Ahlaklılık olarak görülen kavramlar (örn. giyinme) hem her toplumda özdeş olsa da bu kavramların yaşanış biçimi ve ölçüsü toplumdan topluma çok belirgin farklar içerebilir. İnsanlık tarihi boyunca gelişen ve yazılı olmayan kurallar halinde uygulanan ahlak kuralları toplum içindeki dayanışmayı sağlamaya yöneliktir. Ahlak kurallarının yasalardan farkı, uygulanmaması durumunda net bir cezası olmamasıdır. Ergenlikte gelişimi hızlanan bilişsel işlevler ile paralel olarak ergen ahlak kurallarının da anlamını ve işlevini kavramaya başlar. Ergen bir taraftan ahlak kurallarını anlar ve içselleştirirken, bir yandan da bu kurallardaki ölçülerin göreceliliğini de fark eder (Karabekiroğlu, 2015: 96- 97).
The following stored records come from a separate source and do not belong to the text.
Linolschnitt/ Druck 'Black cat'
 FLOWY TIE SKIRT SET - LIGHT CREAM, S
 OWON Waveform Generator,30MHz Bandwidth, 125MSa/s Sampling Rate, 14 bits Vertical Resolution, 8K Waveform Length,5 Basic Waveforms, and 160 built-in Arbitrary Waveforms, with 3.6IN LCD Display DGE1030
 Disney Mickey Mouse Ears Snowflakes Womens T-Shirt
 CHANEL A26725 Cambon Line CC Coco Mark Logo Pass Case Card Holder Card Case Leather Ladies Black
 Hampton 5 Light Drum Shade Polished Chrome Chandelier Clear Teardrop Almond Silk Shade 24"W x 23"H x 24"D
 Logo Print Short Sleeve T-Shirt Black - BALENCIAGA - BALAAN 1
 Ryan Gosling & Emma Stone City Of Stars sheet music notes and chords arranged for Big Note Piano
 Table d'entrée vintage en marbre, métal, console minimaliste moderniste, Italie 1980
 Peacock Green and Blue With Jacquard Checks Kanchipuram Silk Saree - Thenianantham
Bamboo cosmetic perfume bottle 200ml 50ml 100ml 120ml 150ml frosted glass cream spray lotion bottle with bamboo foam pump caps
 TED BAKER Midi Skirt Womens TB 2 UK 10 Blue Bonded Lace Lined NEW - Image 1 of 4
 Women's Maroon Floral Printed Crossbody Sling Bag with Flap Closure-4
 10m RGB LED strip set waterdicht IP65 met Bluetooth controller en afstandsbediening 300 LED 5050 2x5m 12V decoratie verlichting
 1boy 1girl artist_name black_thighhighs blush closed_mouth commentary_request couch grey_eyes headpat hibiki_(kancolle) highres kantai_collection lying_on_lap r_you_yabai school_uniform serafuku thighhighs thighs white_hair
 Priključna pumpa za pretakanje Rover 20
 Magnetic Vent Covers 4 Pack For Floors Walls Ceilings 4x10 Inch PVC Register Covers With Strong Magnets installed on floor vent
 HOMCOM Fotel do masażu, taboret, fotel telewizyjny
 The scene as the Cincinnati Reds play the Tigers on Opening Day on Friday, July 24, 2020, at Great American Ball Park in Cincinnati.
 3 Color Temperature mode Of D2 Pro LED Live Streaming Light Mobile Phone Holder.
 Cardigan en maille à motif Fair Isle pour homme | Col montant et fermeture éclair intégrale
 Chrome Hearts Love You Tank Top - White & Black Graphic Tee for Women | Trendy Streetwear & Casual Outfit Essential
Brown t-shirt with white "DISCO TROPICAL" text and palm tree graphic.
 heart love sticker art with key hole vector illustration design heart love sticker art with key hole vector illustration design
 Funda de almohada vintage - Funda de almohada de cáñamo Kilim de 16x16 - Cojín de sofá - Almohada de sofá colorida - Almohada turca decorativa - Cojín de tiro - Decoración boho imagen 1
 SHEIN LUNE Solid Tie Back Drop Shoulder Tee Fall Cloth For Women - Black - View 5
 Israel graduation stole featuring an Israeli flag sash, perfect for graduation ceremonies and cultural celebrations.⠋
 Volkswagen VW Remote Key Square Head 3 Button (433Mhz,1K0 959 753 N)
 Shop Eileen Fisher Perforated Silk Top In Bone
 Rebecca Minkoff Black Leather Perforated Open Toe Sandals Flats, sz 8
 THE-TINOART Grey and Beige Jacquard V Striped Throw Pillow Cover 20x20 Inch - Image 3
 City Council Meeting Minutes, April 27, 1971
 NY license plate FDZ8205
Son ergenlik dönemindeki siyasal ve dinsel düşünce alanlarındaki değişimler de bireyin gelişen ahlaki akıl yürütme duygusunu da yansıtmaktadır. Ahlaki akıl yürütme de olduğu gibi özellikle son ergenlikte siyasal ve dinsel düşünce de daha soyut daha ilkeli ve daha bağımsız olur. Aslında ileri ergenlik basitçe ana-babalarının değerlerini değil, kendi değerlerini yansıtacak inanç sistemleri bulmayı aradıkları için bireylerin çocukluklarında karşılaştıkları siyasal dinsel öğretilerin çoğunu sorguladıkları bir dönemdir (Steinberg, 2007: 362).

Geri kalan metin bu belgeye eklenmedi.